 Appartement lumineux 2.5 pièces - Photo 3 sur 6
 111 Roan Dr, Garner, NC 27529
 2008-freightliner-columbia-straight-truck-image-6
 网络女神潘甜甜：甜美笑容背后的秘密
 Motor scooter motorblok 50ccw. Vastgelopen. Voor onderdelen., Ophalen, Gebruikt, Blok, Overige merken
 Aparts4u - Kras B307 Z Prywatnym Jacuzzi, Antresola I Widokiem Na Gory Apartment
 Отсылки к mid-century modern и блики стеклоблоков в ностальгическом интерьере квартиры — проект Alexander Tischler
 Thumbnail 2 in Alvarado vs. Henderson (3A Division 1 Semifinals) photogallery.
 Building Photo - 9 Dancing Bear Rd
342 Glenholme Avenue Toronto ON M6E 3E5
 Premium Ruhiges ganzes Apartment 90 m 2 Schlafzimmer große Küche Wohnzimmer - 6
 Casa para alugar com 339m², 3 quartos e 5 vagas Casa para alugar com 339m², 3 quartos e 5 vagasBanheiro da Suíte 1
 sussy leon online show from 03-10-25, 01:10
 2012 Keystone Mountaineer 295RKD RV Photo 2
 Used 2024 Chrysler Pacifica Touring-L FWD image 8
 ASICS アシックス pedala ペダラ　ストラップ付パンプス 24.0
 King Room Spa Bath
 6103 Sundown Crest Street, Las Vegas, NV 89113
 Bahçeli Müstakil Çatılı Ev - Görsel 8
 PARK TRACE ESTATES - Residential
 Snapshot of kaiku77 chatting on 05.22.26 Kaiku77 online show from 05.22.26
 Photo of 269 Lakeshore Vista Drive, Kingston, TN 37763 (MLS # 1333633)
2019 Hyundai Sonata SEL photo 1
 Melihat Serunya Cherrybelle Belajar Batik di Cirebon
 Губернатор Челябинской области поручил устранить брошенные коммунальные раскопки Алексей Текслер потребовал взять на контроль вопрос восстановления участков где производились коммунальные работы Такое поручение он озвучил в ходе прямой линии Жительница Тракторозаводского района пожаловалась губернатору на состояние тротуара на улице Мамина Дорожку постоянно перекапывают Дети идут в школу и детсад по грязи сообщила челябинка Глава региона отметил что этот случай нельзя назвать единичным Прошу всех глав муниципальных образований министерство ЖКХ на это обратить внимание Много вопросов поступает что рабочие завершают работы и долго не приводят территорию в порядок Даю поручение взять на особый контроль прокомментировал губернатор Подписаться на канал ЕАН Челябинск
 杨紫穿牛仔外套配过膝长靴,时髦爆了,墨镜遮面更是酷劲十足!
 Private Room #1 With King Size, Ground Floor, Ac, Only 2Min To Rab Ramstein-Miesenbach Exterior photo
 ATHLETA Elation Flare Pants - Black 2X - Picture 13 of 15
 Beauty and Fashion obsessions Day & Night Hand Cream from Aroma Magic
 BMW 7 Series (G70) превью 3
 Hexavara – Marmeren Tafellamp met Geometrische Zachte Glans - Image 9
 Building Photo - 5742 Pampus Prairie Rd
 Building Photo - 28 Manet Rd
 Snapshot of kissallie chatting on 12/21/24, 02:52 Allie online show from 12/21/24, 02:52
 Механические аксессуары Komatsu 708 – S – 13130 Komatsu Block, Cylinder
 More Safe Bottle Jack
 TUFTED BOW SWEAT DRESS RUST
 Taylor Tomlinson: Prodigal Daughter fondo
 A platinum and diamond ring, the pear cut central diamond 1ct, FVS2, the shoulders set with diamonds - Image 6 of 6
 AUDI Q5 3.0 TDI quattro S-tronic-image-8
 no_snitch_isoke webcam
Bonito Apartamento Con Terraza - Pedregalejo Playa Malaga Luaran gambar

+ + + + +

The lines above, from the first through the one containing "Bahçeli Müstakil Çatılı Ev - Görsel 8", must be restated word for word, with nothing added.

 Appartement lumineux 2.5 pièces - Photo 3 sur 6
 111 Roan Dr, Garner, NC 27529
 2008-freightliner-columbia-straight-truck-image-6
 网络女神潘甜甜：甜美笑容背后的秘密
 Motor scooter motorblok 50ccw. Vastgelopen. Voor onderdelen., Ophalen, Gebruikt, Blok, Overige merken
 Aparts4u - Kras B307 Z Prywatnym Jacuzzi, Antresola I Widokiem Na Gory Apartment
 Отсылки к mid-century modern и блики стеклоблоков в ностальгическом интерьере квартиры — проект Alexander Tischler
 Thumbnail 2 in Alvarado vs. Henderson (3A Division 1 Semifinals) photogallery.
 Building Photo - 9 Dancing Bear Rd
342 Glenholme Avenue Toronto ON M6E 3E5
 Premium Ruhiges ganzes Apartment 90 m 2 Schlafzimmer große Küche Wohnzimmer - 6
 Casa para alugar com 339m², 3 quartos e 5 vagas Casa para alugar com 339m², 3 quartos e 5 vagasBanheiro da Suíte 1
 sussy leon online show from 03-10-25, 01:10
 2012 Keystone Mountaineer 295RKD RV Photo 2
 Used 2024 Chrysler Pacifica Touring-L FWD image 8
 ASICS アシックス pedala ペダラ　ストラップ付パンプス 24.0
 King Room Spa Bath
 6103 Sundown Crest Street, Las Vegas, NV 89113
 Bahçeli Müstakil Çatılı Ev - Görsel 8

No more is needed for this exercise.